Ils seront inévitablement vilipendés si leurs tendances sont infirmées par les urnes ce dimanche, lors de la désignation du prochain président de la République dont le quinquennat s’ouvrira le 13 mai, date officielle de la fin du mandat d’Emmanuel Macron. Les sondages, dont les médias français ne peuvent plus publier les estimations depuis vendredi minuit pour cause de «réserve électorale», vont pourtant tous dans le même sens depuis le premier tour de scrutin le 10 avril, à l’issue duquel le chef sortant de l’Etat est arrivé en tête avec 27,84% des voix devant Marine Le Pen (23,15%), Jean-Luc Mélenchon (21,95%) et Eric Zemmour (7,07%), tous les autres candidats récoltant moins des 5% des suffrages indispensables pour obtenir le remboursement public de leurs frais de campagne.

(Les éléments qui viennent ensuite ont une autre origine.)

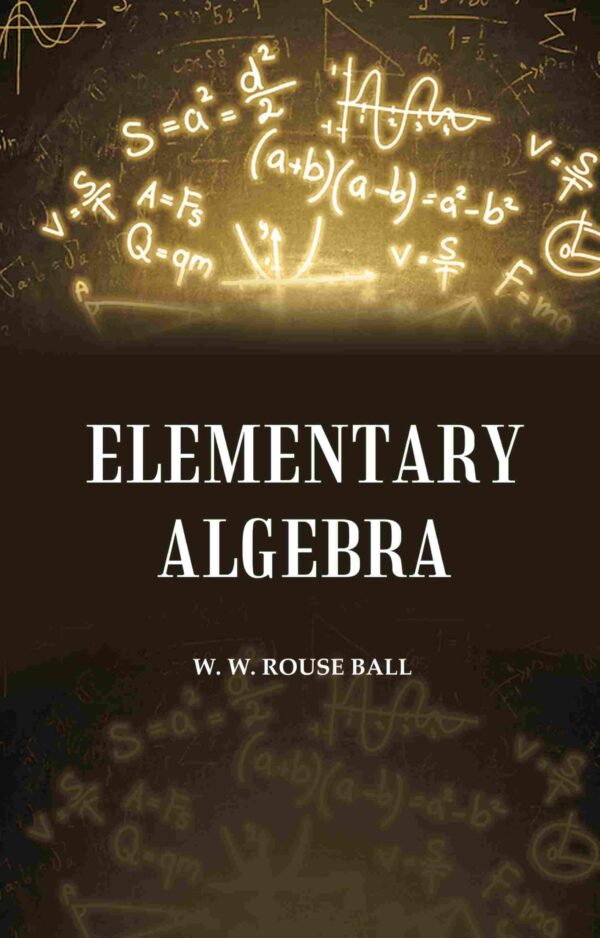 Elementary Algebra [Hardcover]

Le Temps accorde une attention particulière aux élections françaises. Cet article vous est exceptionnellement offert mais pour recevoir en primeur tous nos articles sur ce sujet, découvrez notre offre d’abonnement spéciale.

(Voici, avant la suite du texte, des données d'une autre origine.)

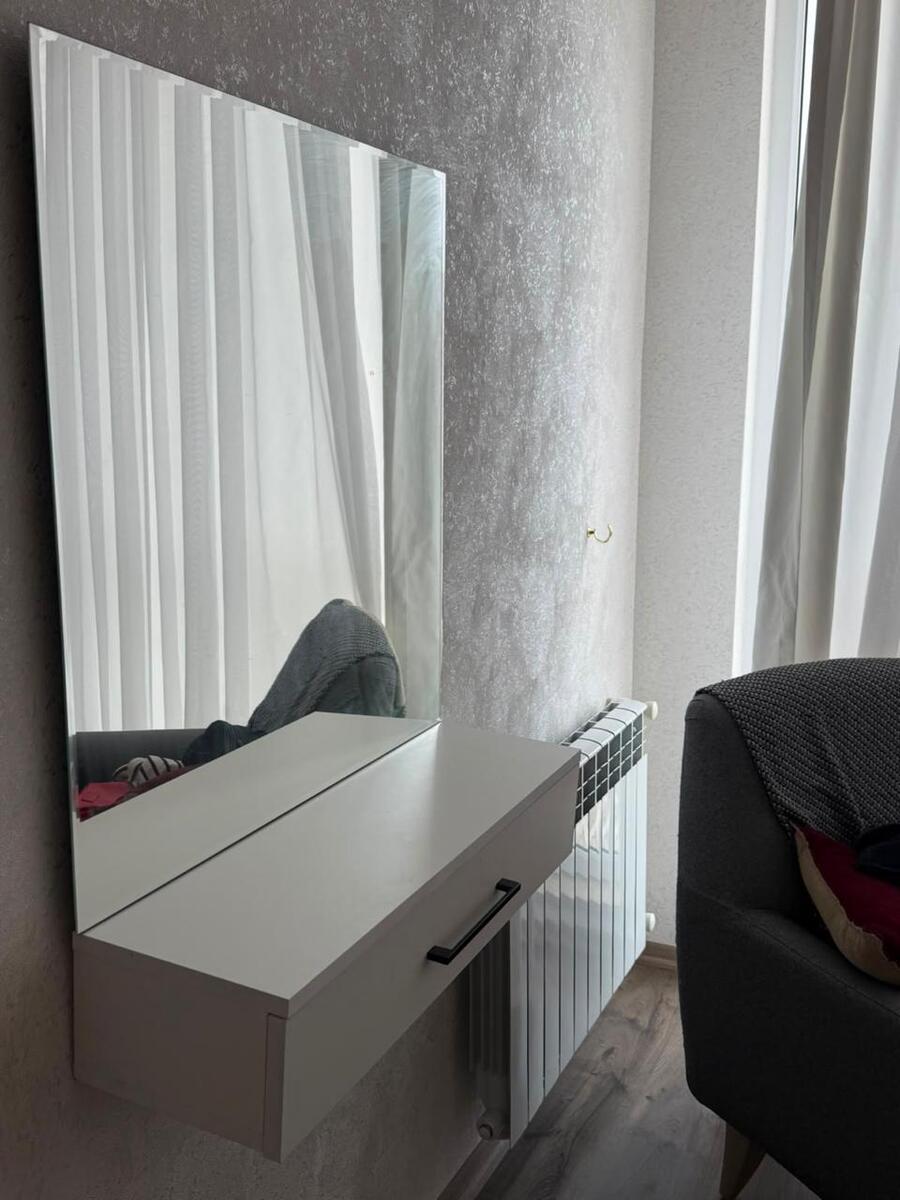 İcarəyə verilir 3 otaqlı yeni tikili 80 m² — Mənzil, Bakı (8)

La tendance générale? Un net avantage pour Emmanuel Macron qui, selon les dernières estimations, pourrait totaliser ce dimanche soir 55,5% des voix contre 44,5% pour son adversaire d’extrême-droite, face à lui comme en 2017. Un écart certes très éloigné de celui de 2017 (66,1% contre 33,9%), mais une victoire nette pour le président sortant qui deviendrait alors le premier locataire de l’Elysée à être réélu sans avoir expérimenté de période de cohabitation avec une majorité opposée (c’était le cas de François Mitterrand en 1988 et de Jacques Chirac en 2002). Mieux: Emmanuel Macron parviendrait ici à l’emporter là où ses deux prédécesseurs directs avaient échoué. Nicolas Sarkozy, sortant, avait été battu en 2012 par le socialiste François Hollande par 51,56% des voix contre 48,44%. Ce dernier, de son côté, avait renoncé à se représenter pour un second mandat le 1er décembre 2016, ouvrant la porte à l’irruption dans la course à l’Elysée de son ex-collaborateur et ministre de l’économie nommé… Emmanuel Macron. Tour d’horizon alors que le spectre de l'abstention plane sur le scrutin: le taux de participation à la mi-journée s'élève à 26,41%, soit deux points de moins qu'à la présidentielle de 2017.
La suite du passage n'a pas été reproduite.